A growing number of Sub-Saharan African countries are taking concrete measures to achieve legal gender equality, profoundly and positively impacting women’s empowerment and opening up new avenues for them to pursue their professional aspirations.
When women are empowered, societies as a whole benefit from their talents, skills, and perspectives. As the World Bank puts it, “By embracing gender equality, we unlock the full potential of half the population, leading to greater innovation, economic growth, and social progress,” adding, “By striving for legal, social, and economic gender equality, we not only uplift women but also foster inclusive societies that thrive on diversity and equal opportunity.”
Côte d’Ivoire and Gabon have set an example in Sub-Saharan Africa by implementing reforms benefitting women, including the elimination of all restrictions on women’s employment, the introduction of legislation protecting women from gender-based discrimination in financial services and domestic violence, and the mandate for equal remuneration for work of equal value.
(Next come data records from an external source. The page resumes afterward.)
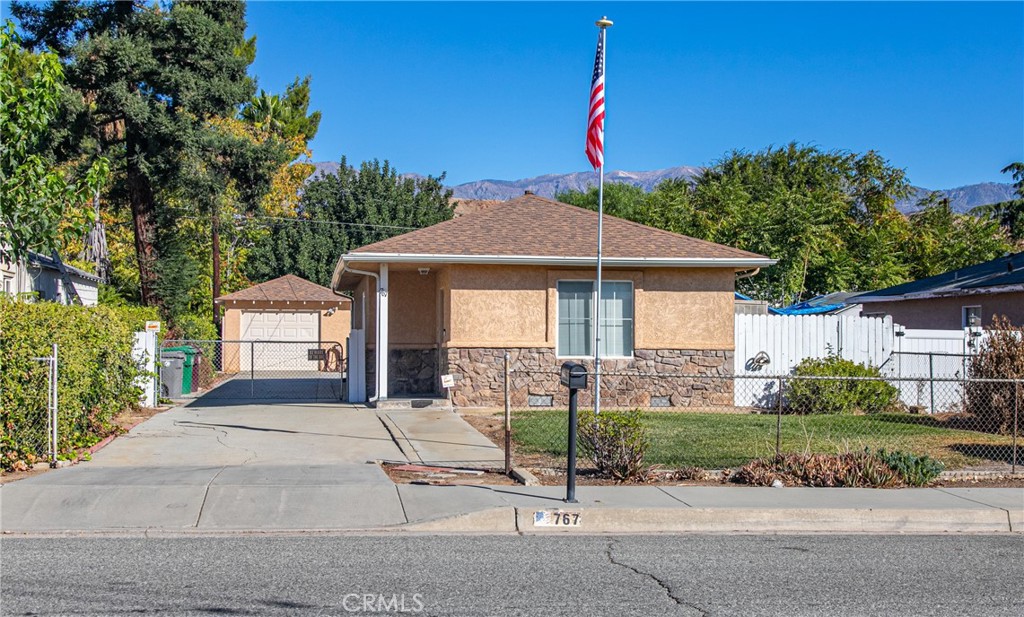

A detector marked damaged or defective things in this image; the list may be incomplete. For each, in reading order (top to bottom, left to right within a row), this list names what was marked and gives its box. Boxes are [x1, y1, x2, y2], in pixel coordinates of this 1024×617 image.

crack in asphalt [602, 540, 708, 613]
sidewalk crack [602, 540, 708, 613]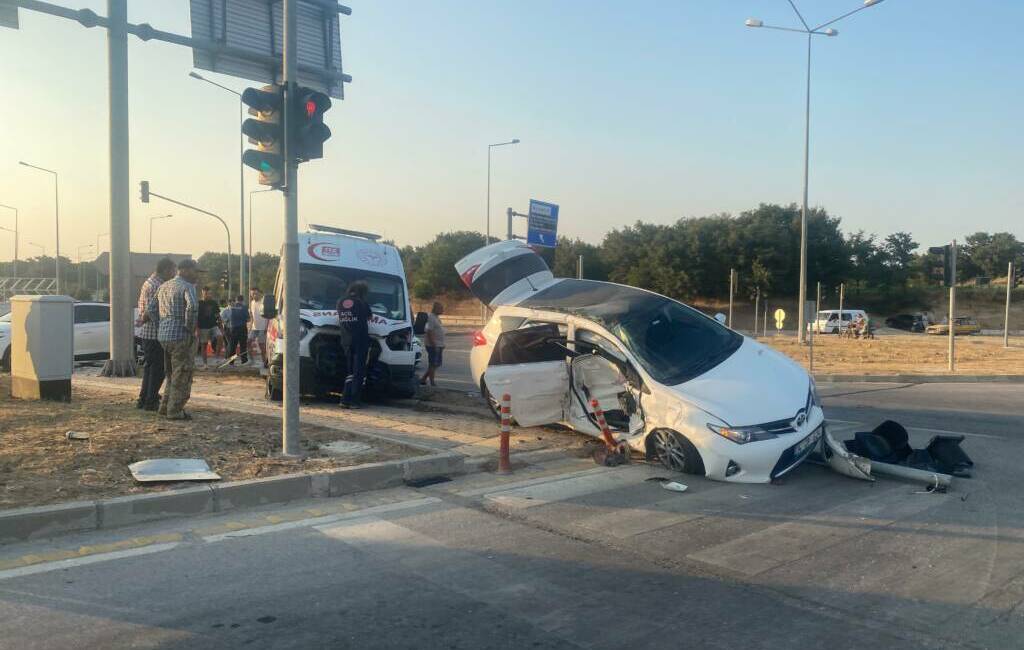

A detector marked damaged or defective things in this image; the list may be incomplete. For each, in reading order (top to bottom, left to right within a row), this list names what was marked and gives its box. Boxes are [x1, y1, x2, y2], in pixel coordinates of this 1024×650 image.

car's broken door [485, 323, 573, 427]
damaged white car [460, 240, 827, 483]
broken plastic piece [129, 458, 221, 483]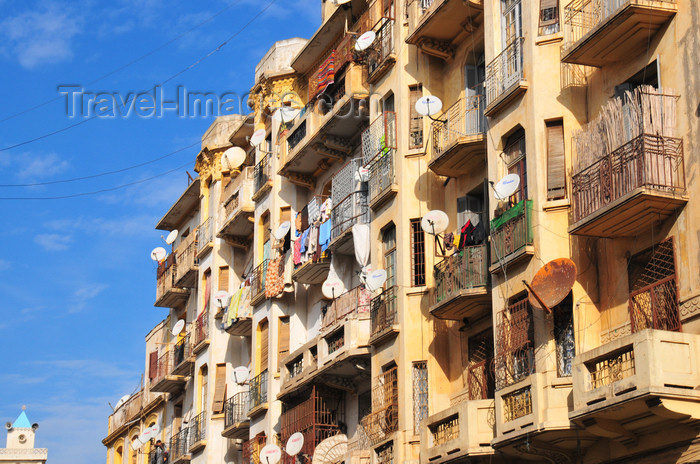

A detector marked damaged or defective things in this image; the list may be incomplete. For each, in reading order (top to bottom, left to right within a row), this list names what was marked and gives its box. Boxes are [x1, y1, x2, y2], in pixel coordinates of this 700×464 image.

rusty satellite dish [524, 258, 576, 312]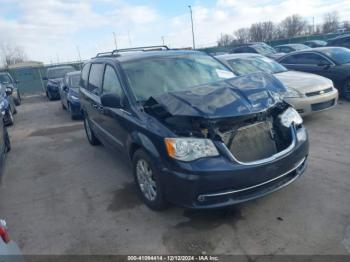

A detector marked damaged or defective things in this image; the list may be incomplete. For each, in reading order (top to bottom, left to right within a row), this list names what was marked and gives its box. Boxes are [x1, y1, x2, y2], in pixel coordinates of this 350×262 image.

crumpled hood [274, 70, 332, 93]
crumpled hood [149, 71, 286, 118]
damaged front end [144, 72, 304, 164]
cracked headlight [280, 106, 302, 127]
cracked headlight [165, 137, 219, 162]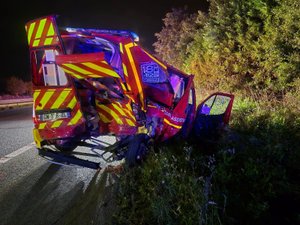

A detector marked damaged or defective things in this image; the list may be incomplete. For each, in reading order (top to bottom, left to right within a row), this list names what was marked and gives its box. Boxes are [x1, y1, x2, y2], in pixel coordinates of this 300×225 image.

crashed car [24, 14, 233, 169]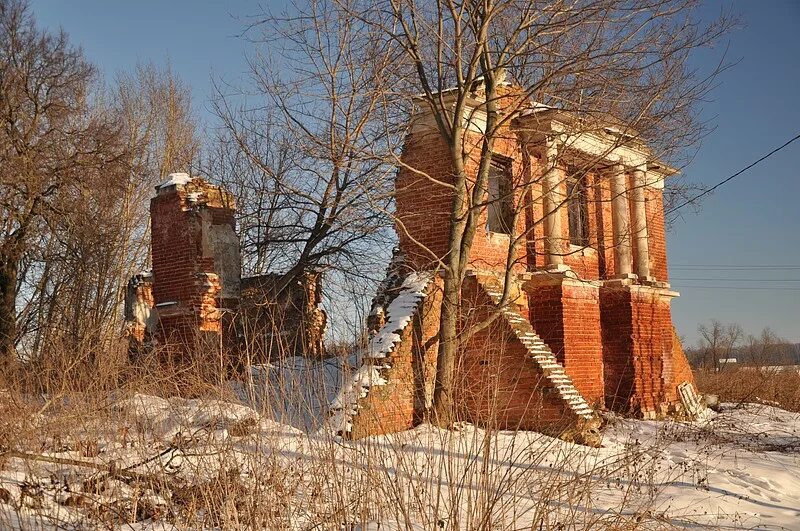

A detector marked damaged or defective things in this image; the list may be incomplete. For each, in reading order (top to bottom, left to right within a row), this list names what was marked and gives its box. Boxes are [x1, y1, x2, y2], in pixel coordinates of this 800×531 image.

broken brickwork [125, 175, 324, 366]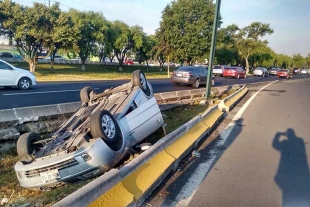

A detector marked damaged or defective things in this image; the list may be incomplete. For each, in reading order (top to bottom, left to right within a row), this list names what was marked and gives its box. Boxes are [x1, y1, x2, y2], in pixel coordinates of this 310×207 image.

damaged vehicle [14, 70, 166, 190]
overturned silver car [14, 70, 166, 190]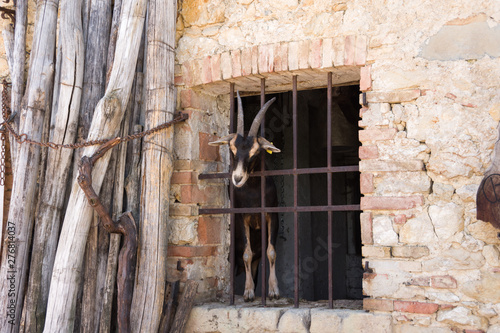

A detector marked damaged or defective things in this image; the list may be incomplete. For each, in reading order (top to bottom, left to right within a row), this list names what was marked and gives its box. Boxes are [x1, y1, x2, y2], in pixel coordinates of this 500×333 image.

rusty chain [0, 79, 188, 184]
rusted iron bar [77, 136, 138, 332]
Through such reforms, new professional venues have opened up for women, ensuring their safety and well-being and promoting fairness and equity in the workplace. Both countries have a score above 90 on the World Bank’s Women, Business and the Law Index – a score of 100 indicates that women have equal rights as men – and above 90 scores are typically associated with more developed economies. Four crucial legal changes have been implemented in Togo: the prohibition of gender-based discrimination in access to credit, the enactment of legislation to address domestic violence, the protection of pregnant mothers from dismissal, and the equalization of rights related to marriage.